毎年2月から3月は確定申告の時期になります。
給与所得であれば会社が確定申告を代理で行ってくれますが、不動産売却後の確定申告については自分で行なう必要があります。
多くの方は不動産売却後の確定申告を行った経験がないため、どのように行えば良いのか不安を感じるかもしれません。
しかし不動産を売却した場合、確定申告を必ず行わなければならないかというと、決してそうではありません。
ここでは不動産売却後に確定申告が必要になる状況と申告の手続方法や必要書類について詳しく紹介していきます。
目次
不動産売却後に確定申告が必要なの
不動産の売却時には大きな金額が収入として手元に入ってくるため、確定申告をしなければいけないと心配になる方も少なくありません。
不動産売却に伴う確定申告が必要な場合と必要ではない場合について見ていきましょう。
土地や戸建やマンションなどの不動産を売却する際に、確定申告をする必要があるのは、以下のような状況です。
- 不動産売却によって利益が出た場合
- 税金対策として特例を利用する場合
上記の2つの状況を紹介していきます
確定申告が必要な場合-譲渡所得がプラス(利益あり)
不動産売却によって利益が出た場合は、所得としてカウントされるため、確定申告によって税金を申告しなければなりません。
ここでポイントになるのは、不動産売却によって利益が出た場合という部分です。
多くの方が誤解しているのは、不動産売却によって得た金額、つまり売却金額に対して課税されるという見方です。
しかし不動産売却の際に課税対象になるのは、譲渡所得であり、不動産の売却金額(価額)ではありません。
つまり仮に3,000万円で不動産を売却したとしても、売却金額である3,000万円が課税対象になるわけではないという事です。
確定申告を行う必要があるかを判断するためには、不動産売却による譲渡所得があるかを正確に計算する事が重要です。
不動産を売却した金額に課税されると思っていました
勘違いしている方も多いようですが、実は譲渡所得に対して課税されるんですね。
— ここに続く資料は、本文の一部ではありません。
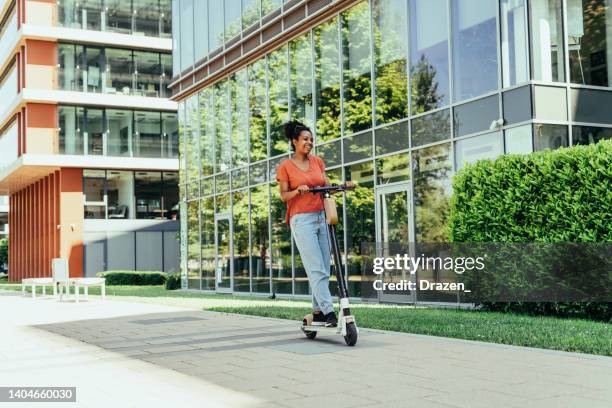 african american young woman riding electric scooter in the city - step well stockfoto's en -beelden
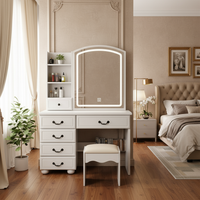 Vanity table next to bed with solid walls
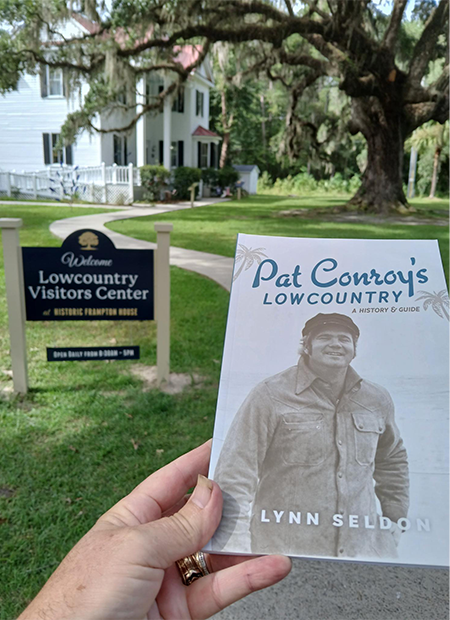 Lynn Seldon holding Pat Conroy's Lowcountry at the Frampton Plantation Visitor Center in Yemassee, South Carolina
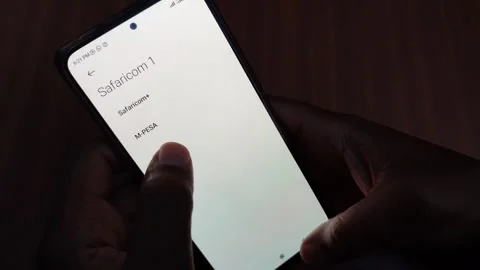 A Man's Hands in the Dark Buying Kplc Tokens Using Mpesa Playbill Number Stock Footage 255653628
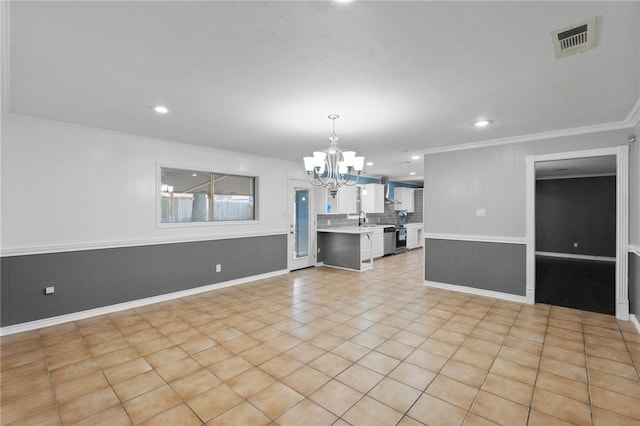 interior space with visible vents, crown molding, recessed lighting, an inviting chandelier, and a sink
まずは不動産売却金額と譲渡所得の関係を正しく理解することが大切です
譲渡所得の詳細や計算方法については後述します。
まずは確定申告が必要となる2つ目の理由を確認しておきましょう。
確定申告が必要なケース-特例を利用するなら確定申告が必要
不動産売却によって利益が発生した場合には、確定申告が必要であるという事はすぐに理解できるかもしれません。
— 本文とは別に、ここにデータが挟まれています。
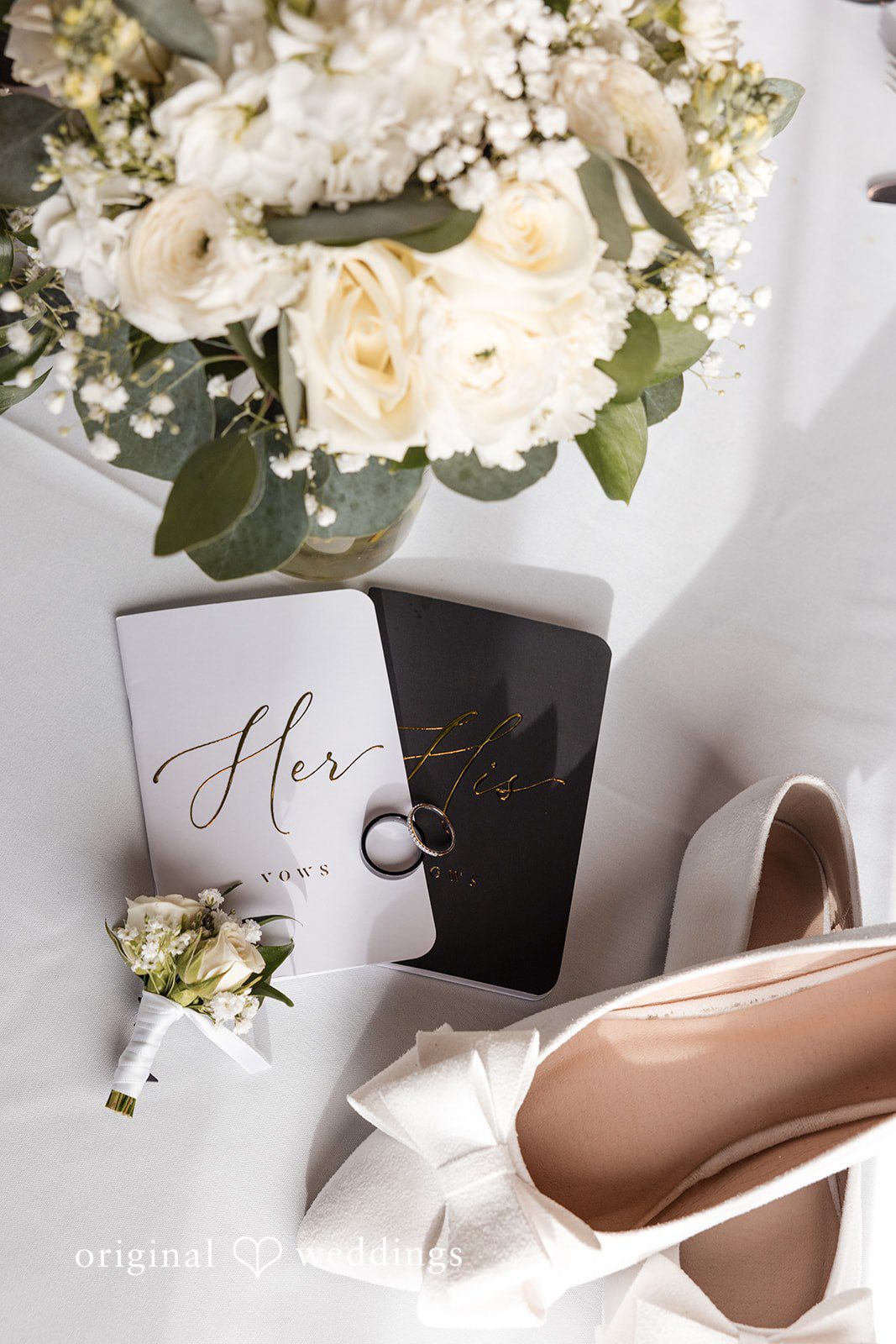 Wedding details featuring invitation suite, shoes, and bouquet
しかし仮に不動産売却による利益が出ていない場合でも、節税のために確定申告を行う方が良いケースもあります。
節税のために確定申告すべき3つのケースを確認しておきましょう。
- 3,000万円特別控除を受ける
- 居住用財産の買換え特例を受ける
- 所有期間10年超の居住用財産譲渡による低減税率の特例を受ける
上記の節税対策を受けるためには、確定申告を行わなければなりません。
あくまで特例であるため、確定申告によって自己申告をしなければ適用されることがないので注意しましょう。
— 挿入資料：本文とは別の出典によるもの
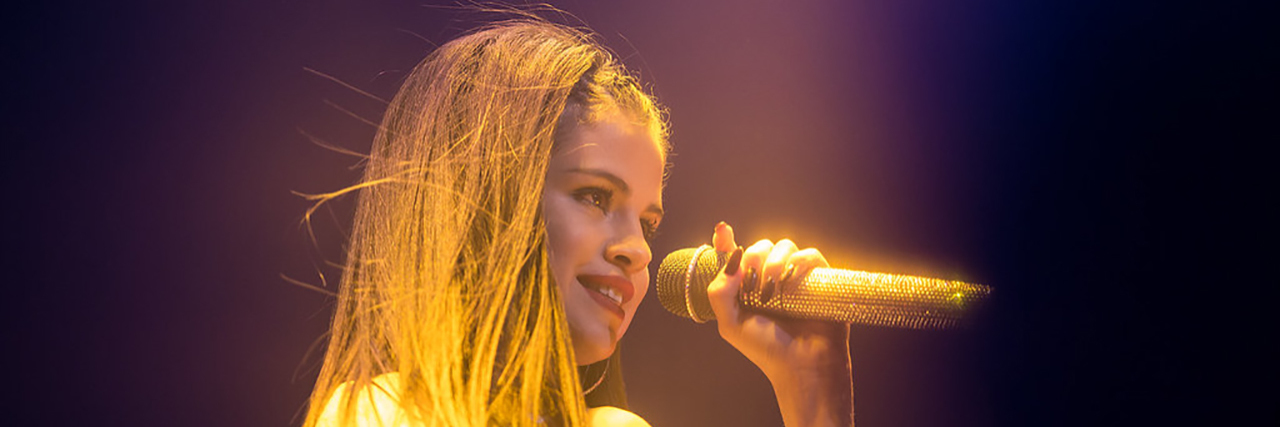 Selena Gomez Wears Fall Risk Bracelet in 'Bad Liar' Music Video Selena Gomez singing onstage while wearing a white costume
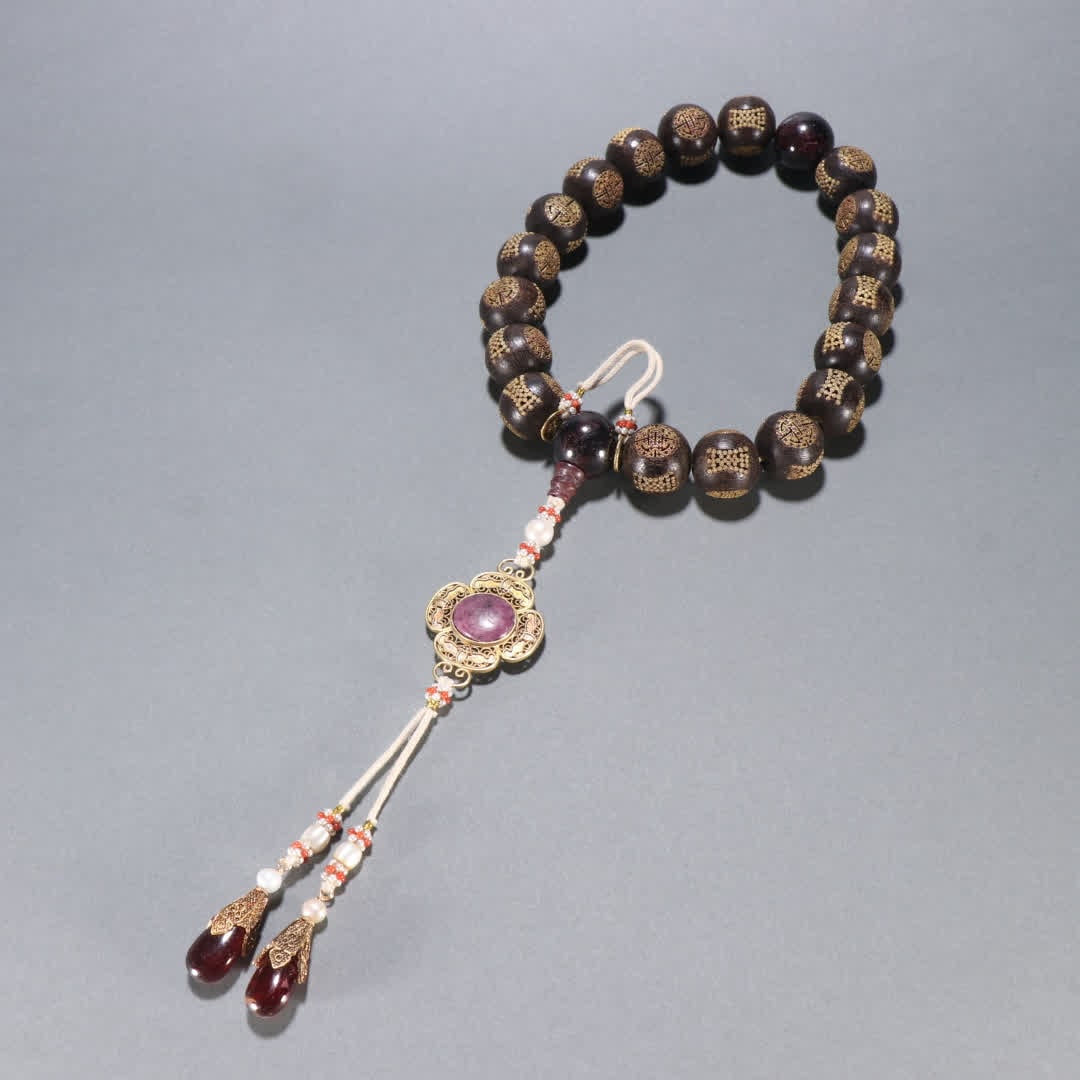 A piece of Qing Dynasty agarwood inlaid silver gilt longevity pattern eighteen sons hand (1 of 9)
ここまでで不動産売却時に確定申告が必要になる2つのケースをおおまかにご紹介してきました。
- 譲渡所得がある場合(不動産売却で利益が発生)
- 不動産売却後に特例を受けて節税対策をする場合
これから譲渡所得税と節税のために行う確定申告について詳しく紹介していきます。
譲渡所得税が発生する場合には確定申告が必要
まず重要な点として、不動産を売却した金額=課税対象ではないので注意してください。
確定申告が必要になるかは、売却金額を使用して譲渡所得を計算していかなければなりません。
難しいと思われるかもしれませんが、手元の資料に記載されている数字を当てはめていくだけで、確定申告の必要性を判断するための譲渡所得を計算できます。
簡単に言えば、計算後に譲渡所得がプラスになった場合、確定申告をしなければなりません。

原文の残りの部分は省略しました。